Multilingual Sentence Transformer as A Multilingual Word Aligner
- URL: http://arxiv.org/abs/2301.12140v1
- Date: Sat, 28 Jan 2023 09:28:55 GMT
- Title: Multilingual Sentence Transformer as A Multilingual Word Aligner
- Authors: Weikang Wang, Guanhua Chen, Hanqing Wang, Yue Han, Yun Chen
- Abstract summary: We investigate whether multilingual sentence Transformer LaBSE is a strong multilingual word aligner.
Experiment results on seven language pairs show that our best aligner outperforms previous state-of-the-art models of all varieties.
Our aligner supports different language pairs in a single model, and even achieves new state-of-the-art on zero-shot language pairs that does not appear in the finetuning process.

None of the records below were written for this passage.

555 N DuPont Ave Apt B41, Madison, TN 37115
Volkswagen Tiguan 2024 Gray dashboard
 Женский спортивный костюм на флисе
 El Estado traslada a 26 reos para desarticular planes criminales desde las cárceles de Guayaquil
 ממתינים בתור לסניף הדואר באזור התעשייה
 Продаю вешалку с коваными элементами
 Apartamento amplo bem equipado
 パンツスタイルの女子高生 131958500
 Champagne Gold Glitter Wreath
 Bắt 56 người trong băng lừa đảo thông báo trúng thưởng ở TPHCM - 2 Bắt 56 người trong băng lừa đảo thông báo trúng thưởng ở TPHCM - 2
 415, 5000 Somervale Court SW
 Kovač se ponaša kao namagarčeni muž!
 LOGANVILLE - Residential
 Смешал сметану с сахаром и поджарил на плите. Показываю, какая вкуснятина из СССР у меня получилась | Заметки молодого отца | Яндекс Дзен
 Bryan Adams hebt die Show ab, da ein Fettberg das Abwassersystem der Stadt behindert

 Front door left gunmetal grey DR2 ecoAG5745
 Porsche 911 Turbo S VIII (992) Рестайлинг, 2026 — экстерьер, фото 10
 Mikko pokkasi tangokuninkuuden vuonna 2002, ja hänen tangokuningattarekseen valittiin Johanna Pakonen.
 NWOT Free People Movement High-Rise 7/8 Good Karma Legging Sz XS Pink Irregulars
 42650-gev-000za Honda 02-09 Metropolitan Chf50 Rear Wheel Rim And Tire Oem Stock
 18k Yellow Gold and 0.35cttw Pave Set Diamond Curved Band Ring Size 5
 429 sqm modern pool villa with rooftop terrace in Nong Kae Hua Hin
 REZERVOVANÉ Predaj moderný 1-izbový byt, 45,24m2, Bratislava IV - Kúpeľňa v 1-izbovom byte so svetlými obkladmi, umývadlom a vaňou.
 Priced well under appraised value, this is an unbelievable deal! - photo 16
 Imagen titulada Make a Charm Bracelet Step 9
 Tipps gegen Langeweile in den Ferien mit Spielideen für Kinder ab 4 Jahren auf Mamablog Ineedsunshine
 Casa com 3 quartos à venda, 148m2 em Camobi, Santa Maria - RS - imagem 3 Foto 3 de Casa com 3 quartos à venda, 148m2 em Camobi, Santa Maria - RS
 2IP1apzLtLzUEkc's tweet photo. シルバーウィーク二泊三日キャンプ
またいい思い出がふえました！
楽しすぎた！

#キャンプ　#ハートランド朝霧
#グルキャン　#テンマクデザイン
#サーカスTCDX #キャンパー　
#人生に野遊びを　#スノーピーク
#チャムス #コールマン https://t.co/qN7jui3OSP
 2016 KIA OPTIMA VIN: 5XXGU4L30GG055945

- Score: 15.689680887384847
- License: http://arxiv.org/licenses/nonexclusive-distrib/1.0/
- Abstract: Multilingual pretrained language models (mPLMs) have shown their
effectiveness in multilingual word alignment induction. However, these methods
usually start from mBERT or XLM-R. In this paper, we investigate whether
multilingual sentence Transformer LaBSE is a strong multilingual word aligner.
This idea is non-trivial as LaBSE is trained to learn language-agnostic
sentence-level embeddings, while the alignment extraction task requires the
more fine-grained word-level embeddings to be language-agnostic. We demonstrate
that the vanilla LaBSE outperforms other mPLMs currently used in the alignment
task, and then propose to finetune LaBSE on parallel corpus for further
improvement. Experiment results on seven language pairs show that our best
aligner outperforms previous state-of-the-art models of all varieties. In
addition, our aligner supports different language pairs in a single model, and
even achieves new state-of-the-art on zero-shot language pairs that does not
appear in the finetuning process.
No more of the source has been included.